The Resolution Institute’s CEO pointed to the state’s battle with billionaire miner Clive Palmer
The WA government has “potentially undermined the reputation of Australia as a pro-arbitration seat,” Resolution Institute CEO Amber Williams said in a commentary on the government’s moves in its legal battle with billionaire miner Clive Palmer.
Palmer had challenged the constitutionality of the government’s closure of WA’s borders due to COVID-19, a challenge he lost before the High Court last Friday. He had also filed a $30bn damages claim against the state government in relation to the latter’s liabilities with regard to his company Mineralogy’s iron ore project in Pilbara’s Balmoral South. The project had been stalled by former WA premier Colin Barnett in 2012, according to News.com.au.
In response to Palmer’s damages claim, the WA parliament rushed to pass emergency legislation, the Iron Ore Processing (Mineralogy Pty. Ltd.) Agreement Amendment Bill 2020, in August to amend the state’s existing agreement with Mineralogy. The bill has the effect of blocking both the claim and existing arbitration between the two parties.
“While I can appreciate the WA government’s desire to keep West Australians safe, it appears, however, that it has used its legislative powers to nullify the independent decisions of an arbitrator,” Williams said. “It is generally considered to be bad form to pass retrospective legislation designed to overturn the result in an individual case particularly when the state passing the legislation is the losing party. Such action strikes at the certainty of the law.”
The Australasian dispute resolution organisation’s CEO pointed out that Mineralogy and the state of WA had agreed to the arbitration, and had appointed former High Court Justice Michael McHugh AC QC as the arbitrator.
“Commercial arbitration has at its very core party autonomy and respecting the wishes of the parties as to how they wish to have their disputes resolved,” Williams said. “Business and legal communities in Australia and worldwide are likely to be concerned with the retrospective nature of the new WA legislation and the precedent it sets.”
She called the passing of the legislation premature, saying that the final outcome of the arbitration “was not known and remains to be determined.”

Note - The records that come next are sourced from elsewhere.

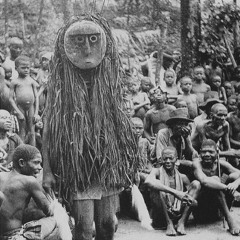 ABUJA STOMP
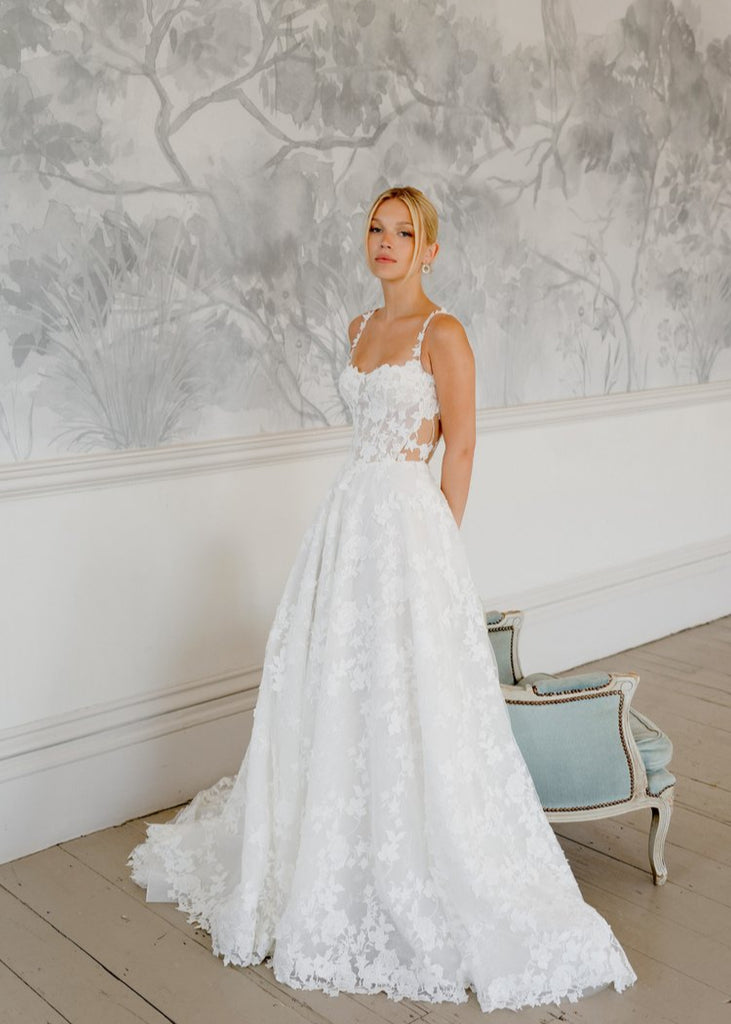 edmonton wedding dress novelle bridal shop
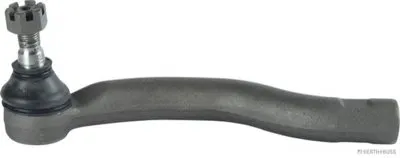 Наконечник поперечной рулевой тяги HERTH+BUSS JAKOPARTS купить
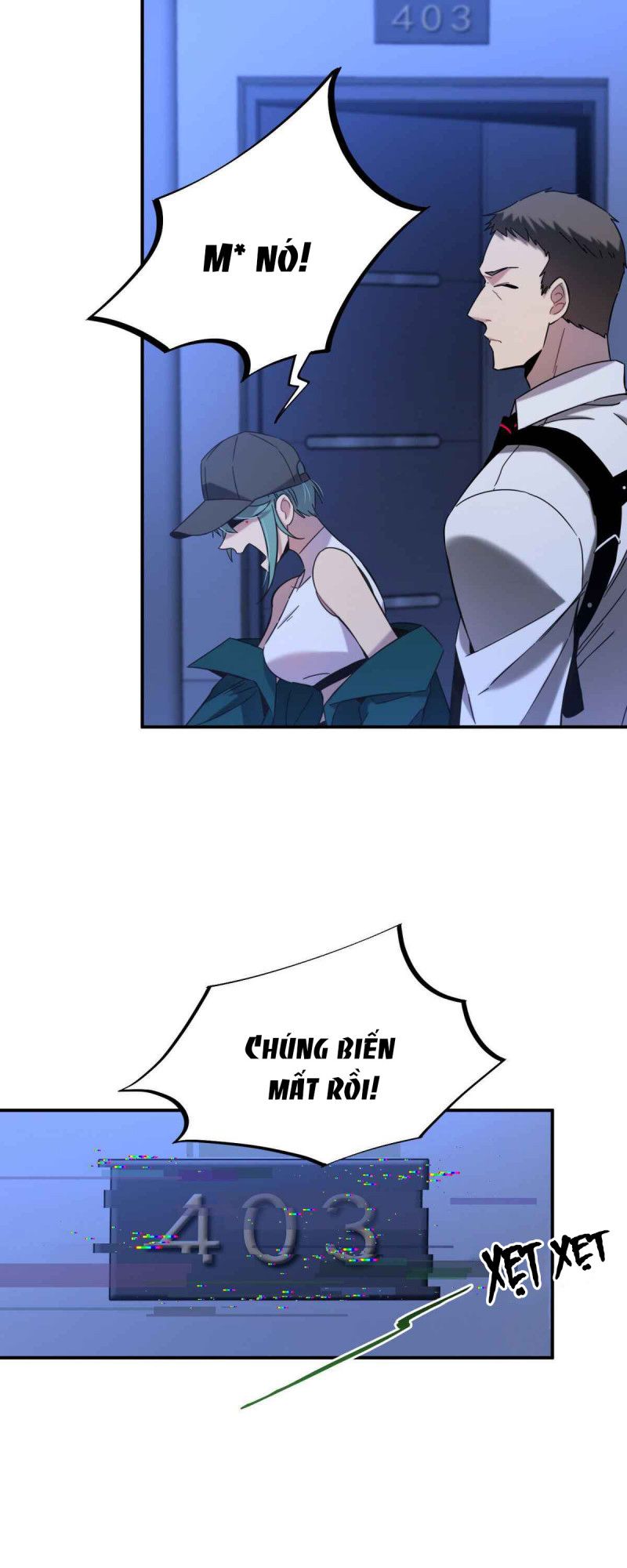 Anemone: Sống Hoặc Chết Chapter 4 - 66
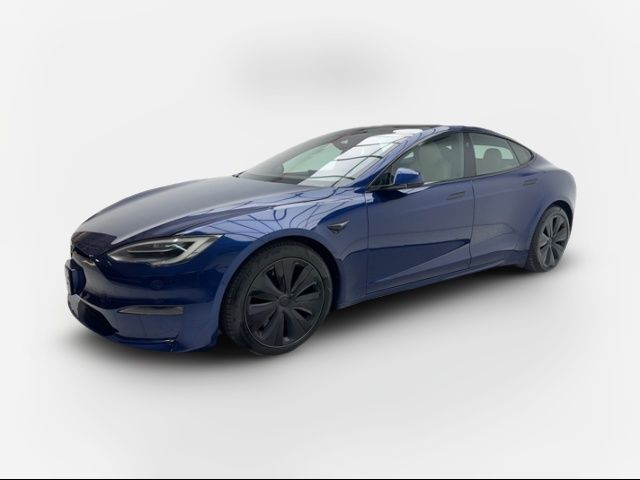 2022 Tesla Model S Base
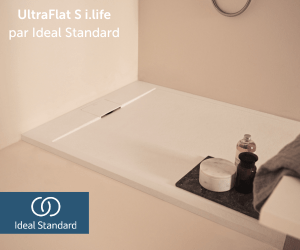 Ideal Standard Ultra flat S ilife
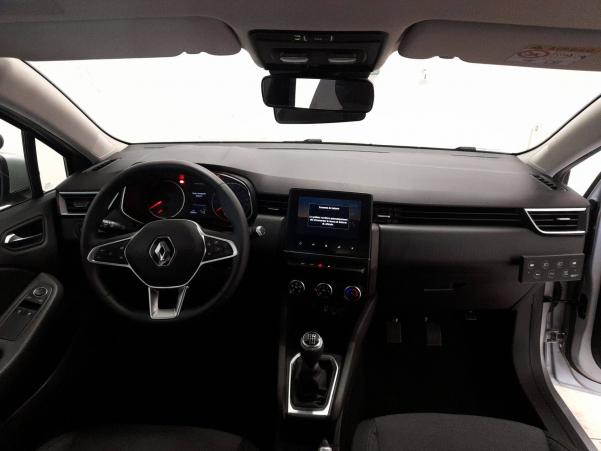 Vente en ligne Renault Clio 5 Clio Blue dCi 85 au prix de 14 490 €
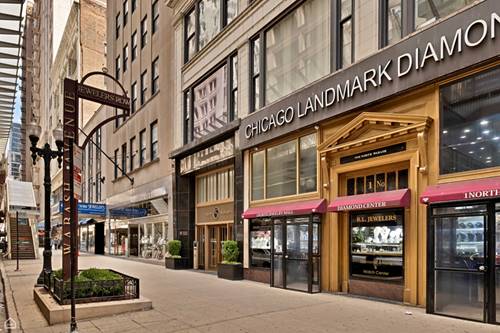 5 N Wabash Unit 1704, Chicago, IL 60602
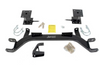 Jakes E-Z-GO Marathon 4" Axle Lift (Years 1989-1994), 6201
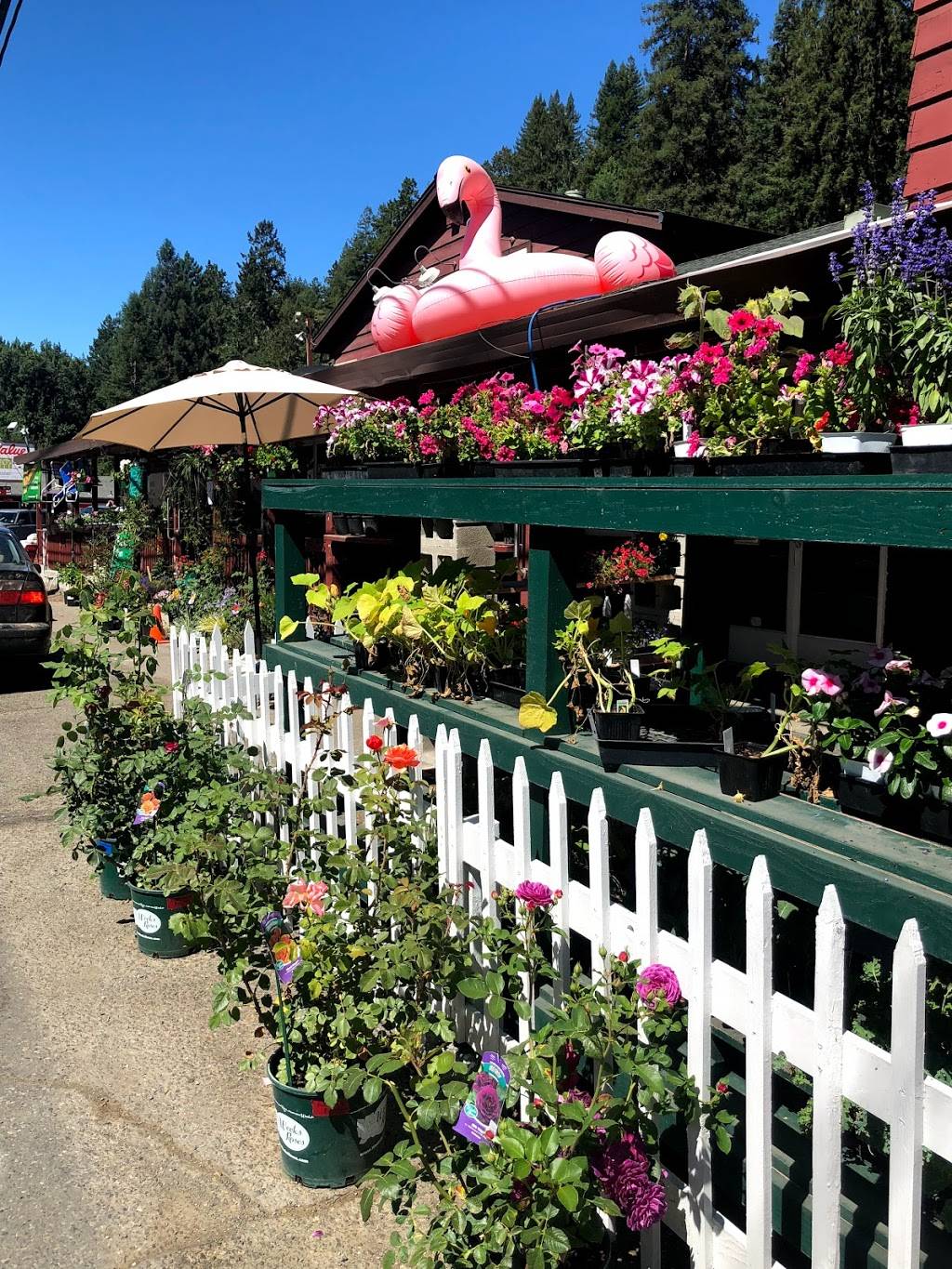 True Value Hardware Of Guerneville | 15600 River Rd, Guerneville, CA 95446, USA | Phone: (707) 869-2832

“The Mineralogy parties may not succeed with being awarded the amounts they haves claimed. The statutory regime governing arbitration states that arbitration is to be conducted fairly, expeditiously and cost effectively and in a manner that is proportionate to the amount of money involved and the complexity of the issues,” she said.
With Palmer’s Mineralogy Pty Ltd and International Minerals Pty Ltd being subsidiaries of a Singapore-registered company, Williams said that the state’s actions would “expose the Commonwealth to an Investor-State Treaty Arbitration for essentially failing to treat an investor fairly or equitably,” even if the legislation should survive a challenge to its constitutionality.
As the situation is being monitored not just by Australian arbitrators but also arbitral seats in Hong Kong and Singapore, Williams emphasised the importance of “a healthy domestic arbitration environment,” which she said would “promote Australia's reputation as a seat to resolve international disputes.”
“The process delivers benefits of certainty, expediency, enforceability and commercial privacy and in the current global economic downturn, this is a better alternative than drawn out litigation in any jurisdiction,” she said.
The legal battle between Palmer and the WA government is now pending a judgment from the Supreme Court of Queensland, which had previously granted Palmer arbitration awards, according to The New Daily.